Google Just Nabbed Tesla's Top Autopilot Hardware Man
Yet another member of Tesla's self-driving executive team left the company in recent months — this time to join a competitor. The past seven months alone have seen three different heads of Autopilot, plus departures from other key leaders.
Former Tesla Director of Hardware Engineering Satish Jeyachandran joined Google's autonomous car company, Waymo, earlier this week. Jeyachandran left Tesla in March of this year after nearly seven years at the company developing Autopilot computer and camera systems, and is the first Tesla exec to leave for Google's self-driving unit.
Jeyachandran joined Waymo for its team's impressive advancements in self-driving hardware, he said in a statement about the decision posted on LinkedIn Thursday, which is hilarious, because ha, LinkedIn, dork. Everyone knows Why I'm Leaving XXX Goes on Medium.
He said Waymo focuses on bringing self-driving tech to more people by housing the hardware and software development under one roof.
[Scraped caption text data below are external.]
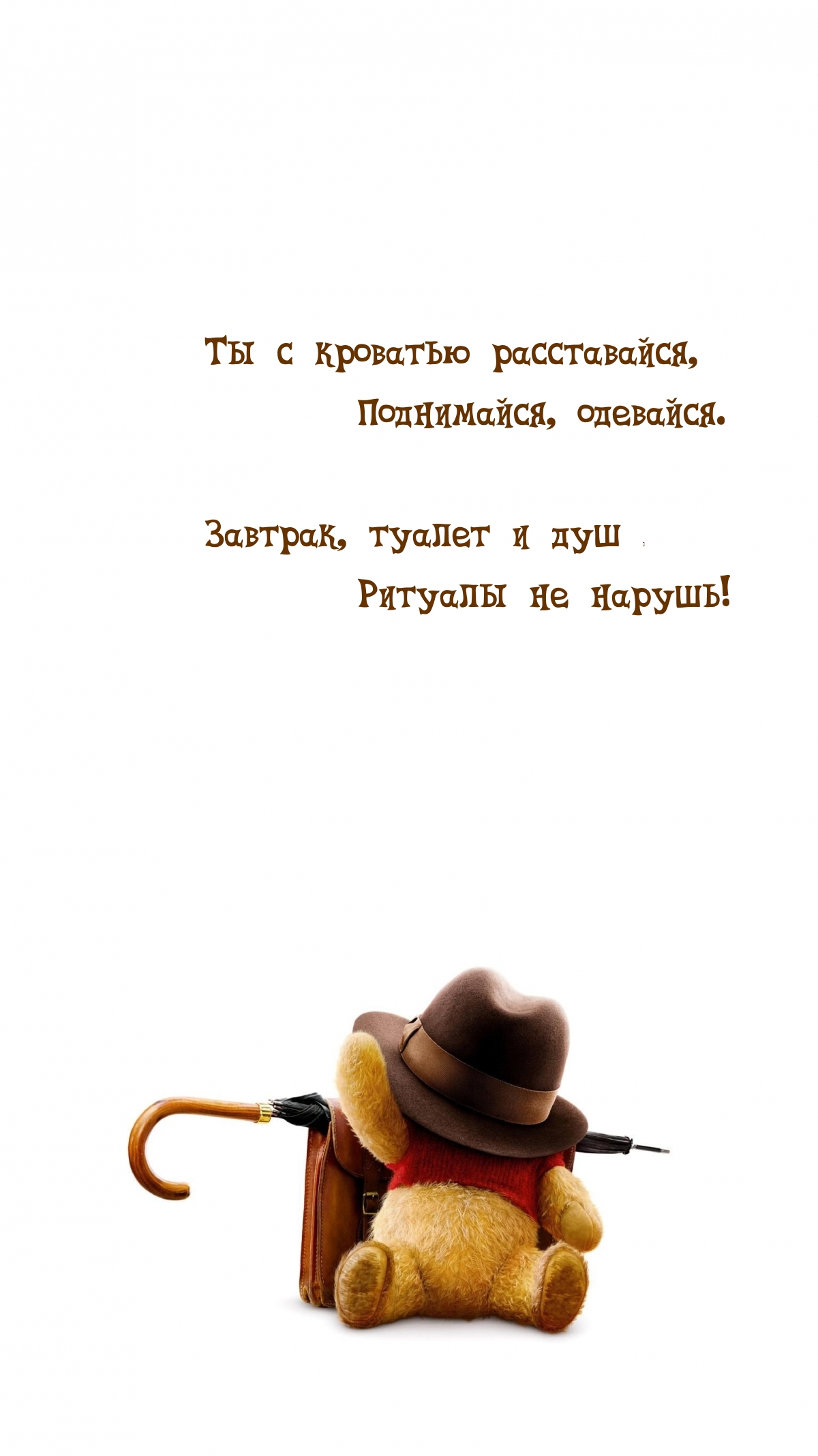 �� � �������� �����������, ����������, ��������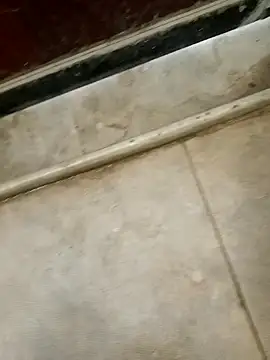 pn12345 online show from 18, 12, 2025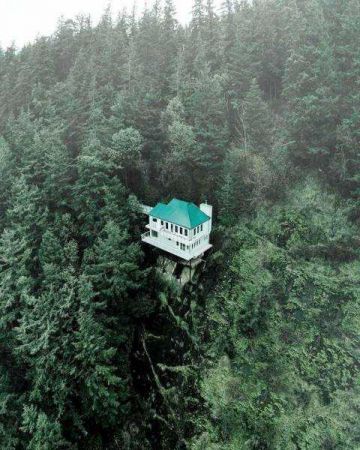 Günün en çok paylaşılan fotoğrafları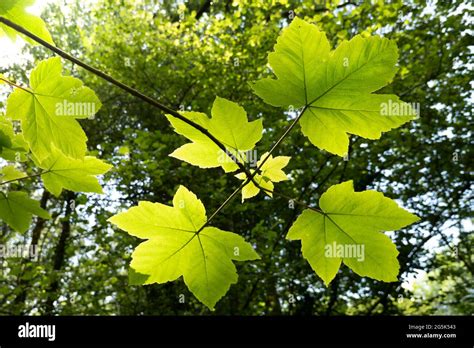 Backlit Leaves Of Sycamore Acer Pseudoplatanus Tree In Upland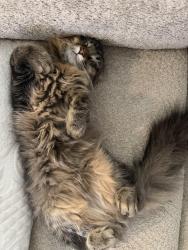 Lost Female Cat last seen Near W 32th , Wheat Ridge, CO 80033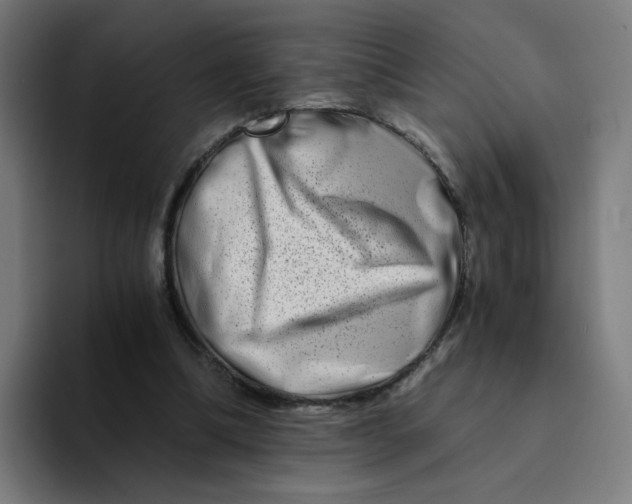 X0000094200298200711161814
Tesla, however, also houses both its hardware and software within the same department since breaking up with longtime partner on autonomous tech, Mobileye, so shrug?
His departure from Tesla's self-driving team comes amid executive shakeups already within the unit.
Tesla's Vice President of Autopilot Software Chris Lattner announced on Tuesday he was leaving the company after just six months, as it wasn't a "good fit." Tesla landed a victory at the time it hired Lattner, a longtime Apple exec who created the programming language Swift.
Turns out that Tesla isn't a good fit for me after all. I'm interested to hear about interesting roles for a seasoned engineering leader!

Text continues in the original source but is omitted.